SOURCE DATA
:::

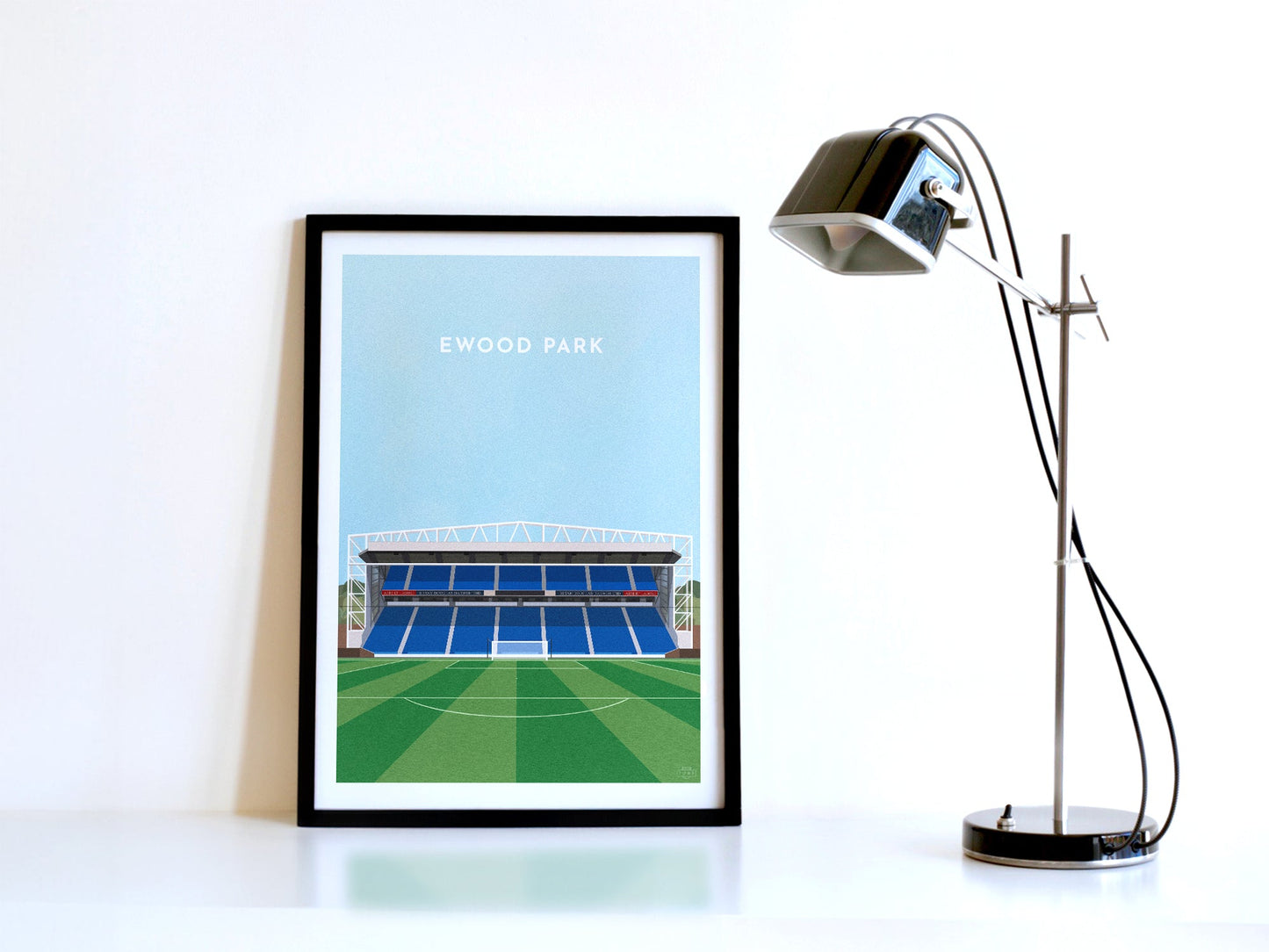A contemporary style illustration of Blackburn Rovers' football stadium, Ewood Park, displayed as an art print within a black frame in a minimalist home office setting.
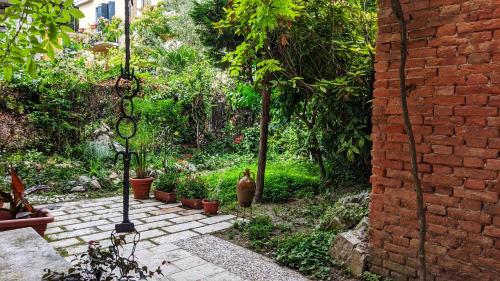 un jardín con macetas y una pared de ladrillo en Tiepolo 3, en Venecia
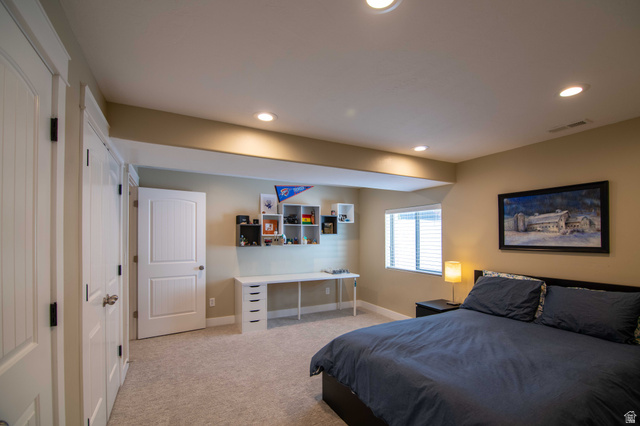 646 East 1400th Street North Mapleton, UT 84664 - Photo 55 of 78 Recessed lighting illuminates this carpeted room featuring a white paneled door, a built-in desk with drawers, and a window with blinds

:::

WHAT TO WORK ON
When the listing is transcribed, every line must match the original exactly, and the pictures must be left out.

RESPONSE
A contemporary style illustration of Blackburn Rovers' football stadium, Ewood Park, displayed as an art print within a black frame in a minimalist home office setting.
 un jardín con macetas y una pared de ladrillo en Tiepolo 3, en Venecia
 646 East 1400th Street North Mapleton, UT 84664 - Photo 55 of 78 Recessed lighting illuminates this carpeted room featuring a white paneled door, a built-in desk with drawers, and a window with blinds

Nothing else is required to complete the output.